WORK TO BE COMPLETED: Please reproduce, exactly and with nothing added, the line containing "thumbnail image 3" and every line after it to the end of the records.

DATA TO EXAMINE:
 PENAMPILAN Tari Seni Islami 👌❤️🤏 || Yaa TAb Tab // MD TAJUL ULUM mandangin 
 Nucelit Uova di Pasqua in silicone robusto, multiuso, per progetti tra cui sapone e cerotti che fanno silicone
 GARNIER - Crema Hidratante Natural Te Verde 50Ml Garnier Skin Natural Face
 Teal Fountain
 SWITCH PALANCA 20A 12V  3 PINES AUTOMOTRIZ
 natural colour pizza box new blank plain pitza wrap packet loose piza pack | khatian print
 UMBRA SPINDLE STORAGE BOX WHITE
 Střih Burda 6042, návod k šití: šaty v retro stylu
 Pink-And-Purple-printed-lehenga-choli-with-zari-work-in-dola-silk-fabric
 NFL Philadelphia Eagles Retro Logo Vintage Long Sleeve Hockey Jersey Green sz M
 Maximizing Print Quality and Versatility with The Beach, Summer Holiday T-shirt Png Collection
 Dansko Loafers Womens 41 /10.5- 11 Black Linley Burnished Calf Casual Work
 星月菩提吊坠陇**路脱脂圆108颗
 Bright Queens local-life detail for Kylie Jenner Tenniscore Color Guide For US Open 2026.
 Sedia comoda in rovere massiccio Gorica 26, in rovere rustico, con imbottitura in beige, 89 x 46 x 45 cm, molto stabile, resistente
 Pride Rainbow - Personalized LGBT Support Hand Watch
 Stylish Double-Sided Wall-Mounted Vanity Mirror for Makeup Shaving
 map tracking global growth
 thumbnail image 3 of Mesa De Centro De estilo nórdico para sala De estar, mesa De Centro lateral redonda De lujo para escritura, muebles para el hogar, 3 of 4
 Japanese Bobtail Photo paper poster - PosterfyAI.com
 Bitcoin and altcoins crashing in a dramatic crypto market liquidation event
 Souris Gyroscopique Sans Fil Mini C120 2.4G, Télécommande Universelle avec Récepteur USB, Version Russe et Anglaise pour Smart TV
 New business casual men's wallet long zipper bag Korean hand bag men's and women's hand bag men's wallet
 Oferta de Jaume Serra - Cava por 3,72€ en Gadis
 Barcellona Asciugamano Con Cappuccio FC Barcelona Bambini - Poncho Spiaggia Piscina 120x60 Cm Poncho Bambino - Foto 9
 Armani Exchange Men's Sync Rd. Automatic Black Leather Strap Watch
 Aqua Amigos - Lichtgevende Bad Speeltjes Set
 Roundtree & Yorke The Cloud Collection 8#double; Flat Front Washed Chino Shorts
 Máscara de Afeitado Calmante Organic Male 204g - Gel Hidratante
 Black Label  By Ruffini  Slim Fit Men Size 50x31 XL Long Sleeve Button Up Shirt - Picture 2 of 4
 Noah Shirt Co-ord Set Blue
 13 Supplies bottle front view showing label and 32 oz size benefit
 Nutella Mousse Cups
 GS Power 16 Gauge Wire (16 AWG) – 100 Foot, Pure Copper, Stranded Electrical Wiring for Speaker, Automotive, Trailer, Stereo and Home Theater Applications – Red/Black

TASK RESPONSE:
 thumbnail image 3 of Mesa De Centro De estilo nórdico para sala De estar, mesa De Centro lateral redonda De lujo para escritura, muebles para el hogar, 3 of 4
 Japanese Bobtail Photo paper poster - PosterfyAI.com
 Bitcoin and altcoins crashing in a dramatic crypto market liquidation event
 Souris Gyroscopique Sans Fil Mini C120 2.4G, Télécommande Universelle avec Récepteur USB, Version Russe et Anglaise pour Smart TV
 New business casual men's wallet long zipper bag Korean hand bag men's and women's hand bag men's wallet
 Oferta de Jaume Serra - Cava por 3,72€ en Gadis
 Barcellona Asciugamano Con Cappuccio FC Barcelona Bambini - Poncho Spiaggia Piscina 120x60 Cm Poncho Bambino - Foto 9
 Armani Exchange Men's Sync Rd. Automatic Black Leather Strap Watch
 Aqua Amigos - Lichtgevende Bad Speeltjes Set
 Roundtree & Yorke The Cloud Collection 8#double; Flat Front Washed Chino Shorts
 Máscara de Afeitado Calmante Organic Male 204g - Gel Hidratante
 Black Label  By Ruffini  Slim Fit Men Size 50x31 XL Long Sleeve Button Up Shirt - Picture 2 of 4
 Noah Shirt Co-ord Set Blue
 13 Supplies bottle front view showing label and 32 oz size benefit
 Nutella Mousse Cups
 GS Power 16 Gauge Wire (16 AWG) – 100 Foot, Pure Copper, Stranded Electrical Wiring for Speaker, Automotive, Trailer, Stereo and Home Theater Applications – Red/Black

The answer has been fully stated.